-- Problem details --
With the pictures left out, retype exactly the lines below starting at the line that contains "Фундамент на забивных" and ending at the line that contains "Closeup view of".

-- Data section --

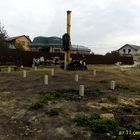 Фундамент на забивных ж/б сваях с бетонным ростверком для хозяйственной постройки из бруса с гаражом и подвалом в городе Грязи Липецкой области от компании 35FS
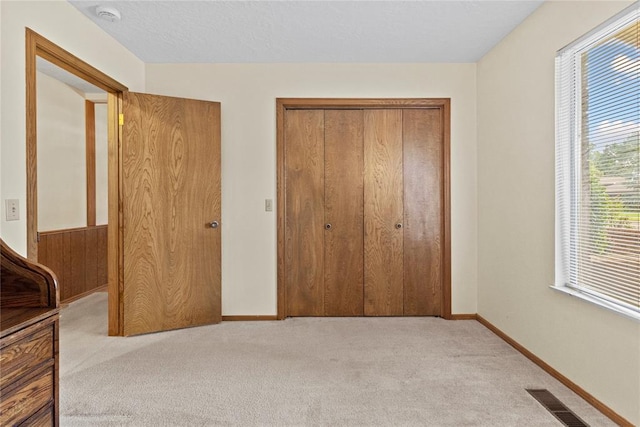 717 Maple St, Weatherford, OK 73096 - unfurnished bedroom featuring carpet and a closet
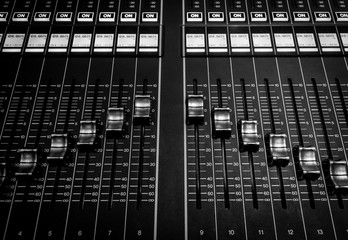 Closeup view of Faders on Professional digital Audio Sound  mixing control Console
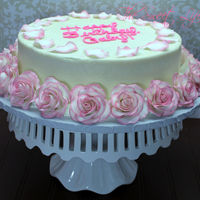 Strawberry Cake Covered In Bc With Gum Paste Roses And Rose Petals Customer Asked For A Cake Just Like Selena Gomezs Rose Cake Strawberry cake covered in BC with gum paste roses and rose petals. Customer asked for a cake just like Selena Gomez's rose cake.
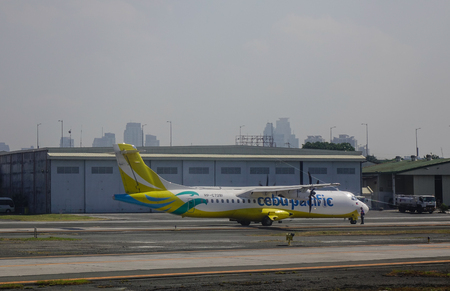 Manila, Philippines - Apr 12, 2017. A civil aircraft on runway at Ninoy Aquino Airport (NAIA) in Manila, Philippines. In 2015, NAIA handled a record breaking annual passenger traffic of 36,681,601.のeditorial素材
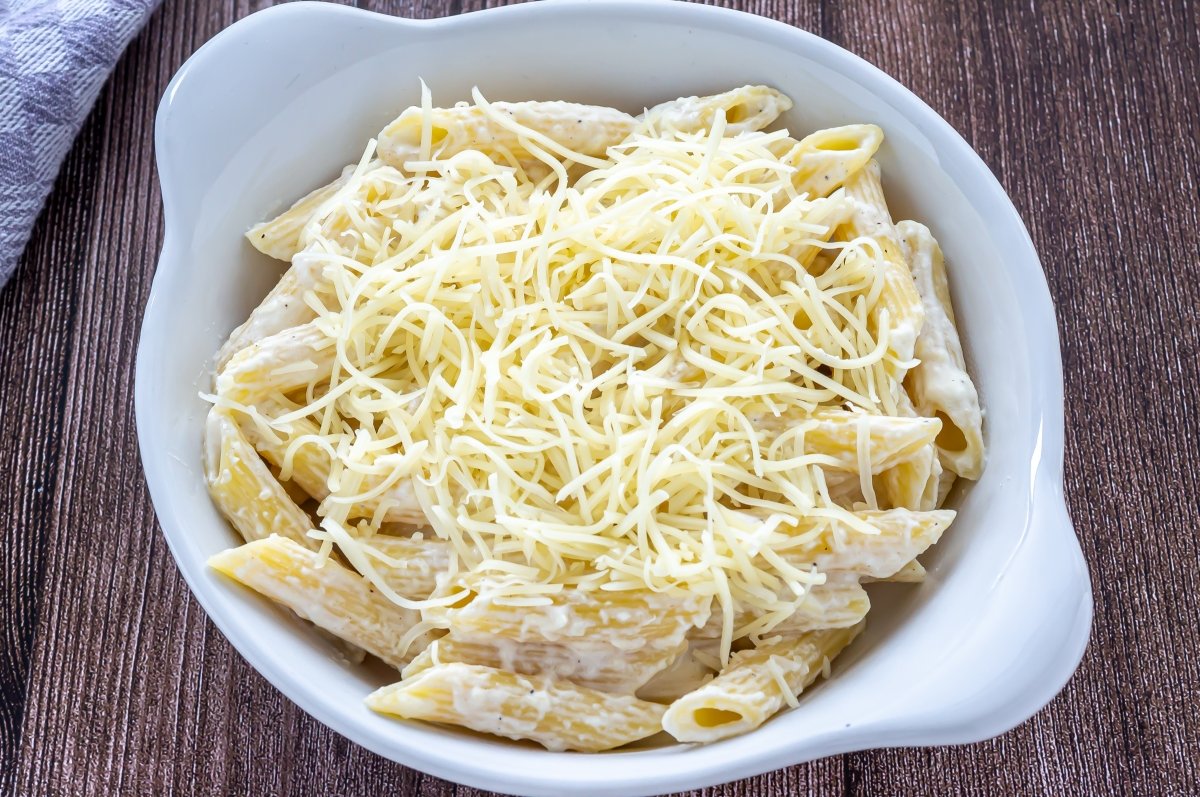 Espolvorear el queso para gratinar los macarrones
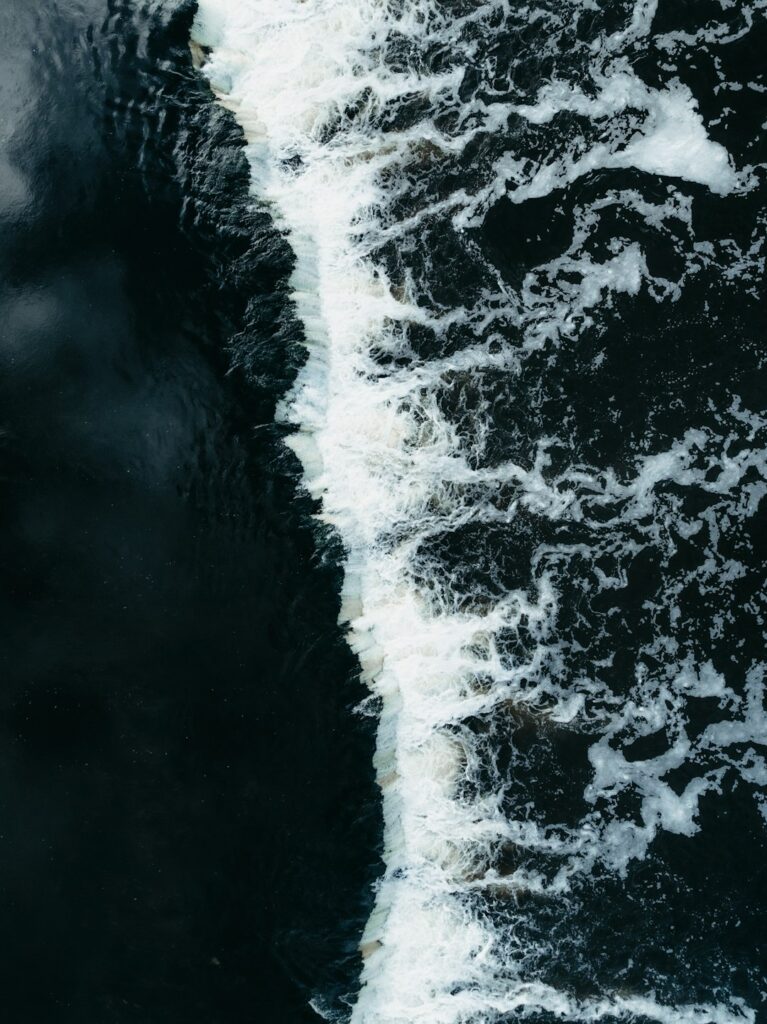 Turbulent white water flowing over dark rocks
--
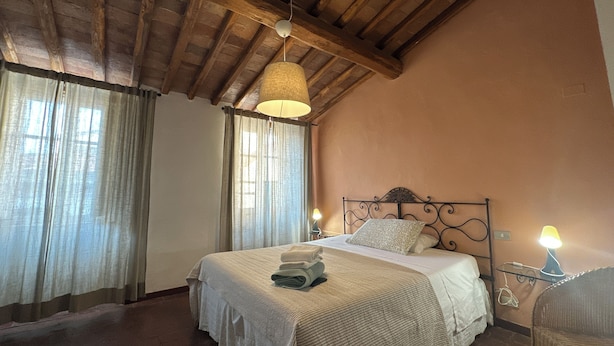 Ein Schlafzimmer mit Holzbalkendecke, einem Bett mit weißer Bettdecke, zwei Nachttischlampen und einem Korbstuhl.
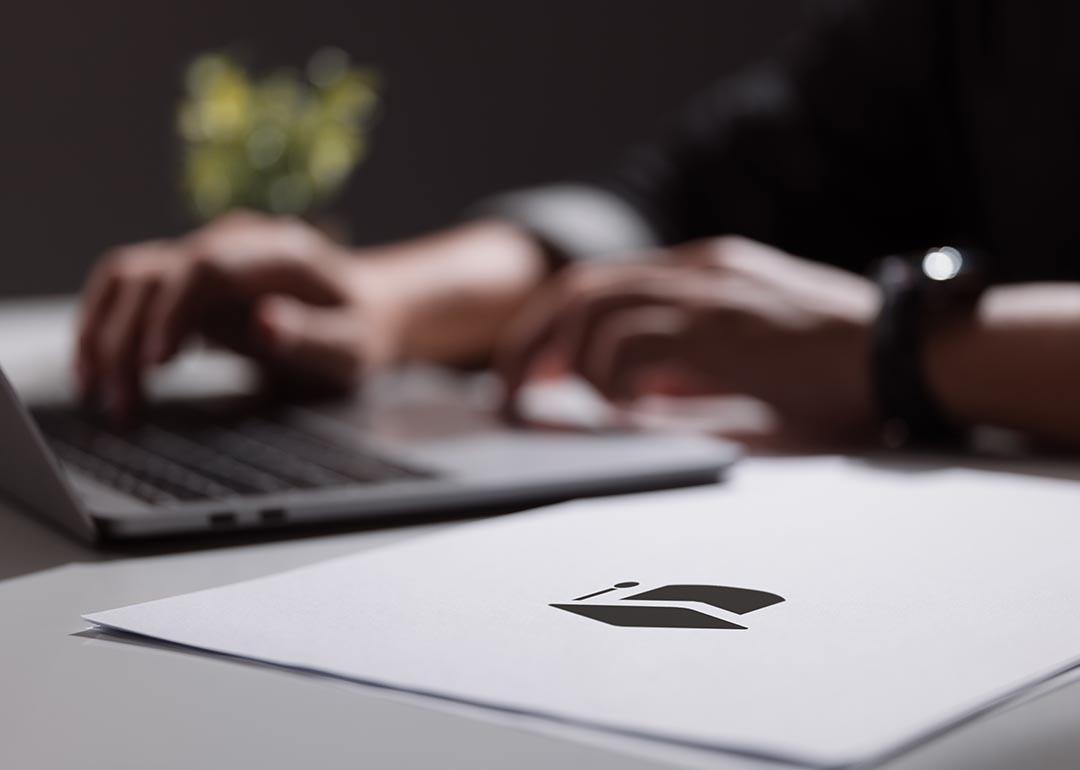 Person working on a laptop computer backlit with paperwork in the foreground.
==
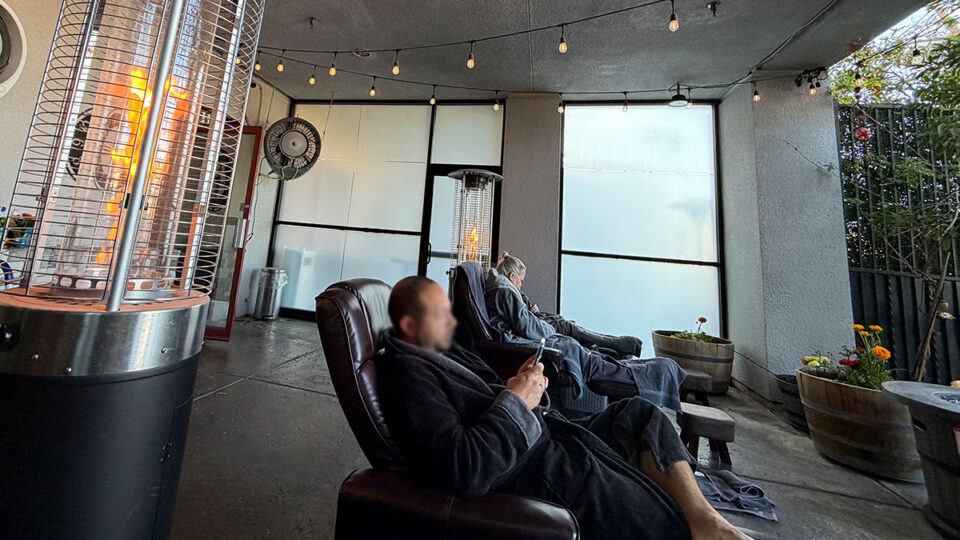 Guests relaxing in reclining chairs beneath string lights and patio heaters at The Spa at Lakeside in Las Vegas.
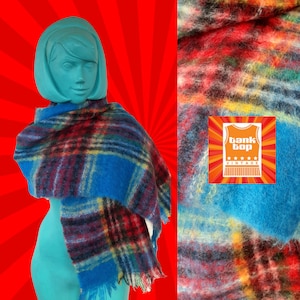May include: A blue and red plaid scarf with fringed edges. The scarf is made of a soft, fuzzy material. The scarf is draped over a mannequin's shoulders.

-- Output --
 Фундамент на забивных ж/б сваях с бетонным ростверком для хозяйственной постройки из бруса с гаражом и подвалом в городе Грязи Липецкой области от компании 35FS
 717 Maple St, Weatherford, OK 73096 - unfurnished bedroom featuring carpet and a closet
 Closeup view of Faders on Professional digital Audio Sound  mixing control Console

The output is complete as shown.